I looked over at him, intrigued.

“I was going to kidnap her. I mean, I was really going to do it. I don't know what I was going to do to her once I had her. I just couldn't stand the thought that she'd left me. For someone like me who was
always looking for a mother, that was the worst thing that could have happened, to be left all alone. I used to go by the place where she worked. I used to drive by her house. I really couldn't stand it. And so I worked out this whole plan where I was going to use duct tape to hold her. Of course, I never did it.”

My dad's confession didn't frighten me. It had always been his ability to detach that had worried me, so hearing him admit to an overabundance of feeling was a relief. And hearing him talk about how he'd longed for a mother and father when he'd been in foster care, how Betty had never really talked to him about anything, only tried to control him, drew a line between the lack of parenting my dad had received and the lack of parenting he'd given me. He suddenly didn't seem so powerful, just a taller little boy who had many of the same longings I did.

When we arrived in Northampton, we went directly to the apartment complex. “I don't know,” he said. “It looks depressing.”

It didn't look any worse to me than so many worn-down and weathered brick buildings all across the region. And given how hard I worked to barely pay my own rent, a part of me bristled when my dad complained about his government subsidies. The idea of having someone pay for my lodging and food was my idea of heaven, while my dad called himself a nonunion philosopher and was known to spend three hours meditating, four hours walking, and the rest of the day watching Fellini and reading Freud. But again, I didn't think to recall my mother's advice about needy men, or how she'd come to give it to me. My blind spot regarding my dad and the patterns he'd created in my romantic relationships with men were so inherent to who I was at that moment in my life, it was difficult for me to see them play themselves out.

I didn't say anything, and we drove into the downtown area and parked. Walking the upscale streets, my dad flinched a little at the windows we passed; the other residents reflected back at us in the glass of the fancy stores.

“I don't know,” he said.

We went into a used bookstore, but even this wasn't enough to make him feel as if he'd found his spot. Now I was worried. It was one thing to turn his nose up in theory. I got it. I did. I had left rural Maine not only because I'd been hungry for a big life, but also because I'd grown tired of being viewed as a freak. But the boardinghouse was going to be sold, and if he didn't find an alternative, he would be out on the streets. My dad had prepared himself for this eventuality by spending several nights in homeless shelters, and he said he'd been fine, but it wasn't something I wanted to think about.

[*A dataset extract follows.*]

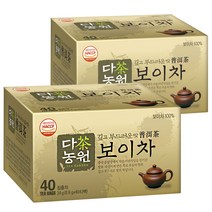 다농원 보이차, 0.6g, 80개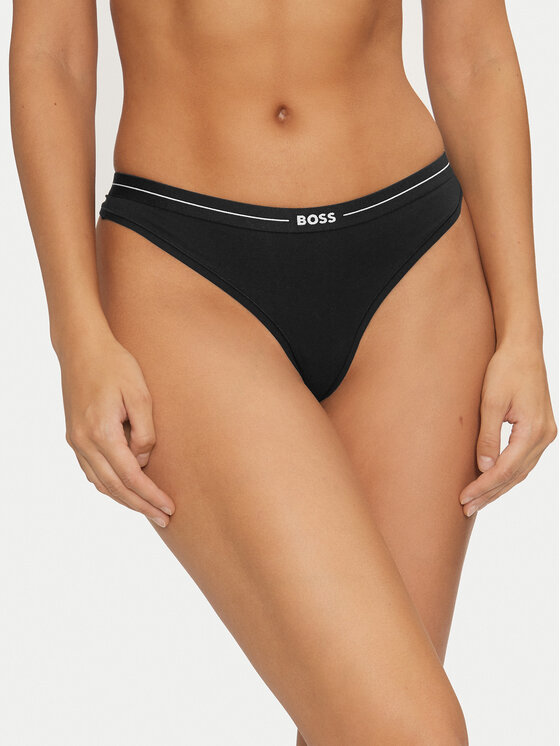 BOSS Boss Set 3 perechi de chiloți tanga 50510030 Negru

He was almost sixty years old. Boston had brutal winters. Even if the citizens of Northampton weren't quite ready for him, it was surely better than homelessness. But I knew it wasn't my decision to make. And so, I just hoped he would choose a new home.

Like my dad, I was struggling to figure out where I was meant to be. I'd nearly moved to New York City the year before, only staying in Boston to write a weekly music column. But now, so much of what I'd loved about my life in Boston was gone. When I'd first moved there, it had been the big city of my childhood dreams, and I'd loved exploring its streets and writing about its happenings. But after six years, I felt as if I'd walked down every street, and I wanted the kind of life that could stay big even as it became more stable. It felt as if everyone had moved on but me. Something had to change.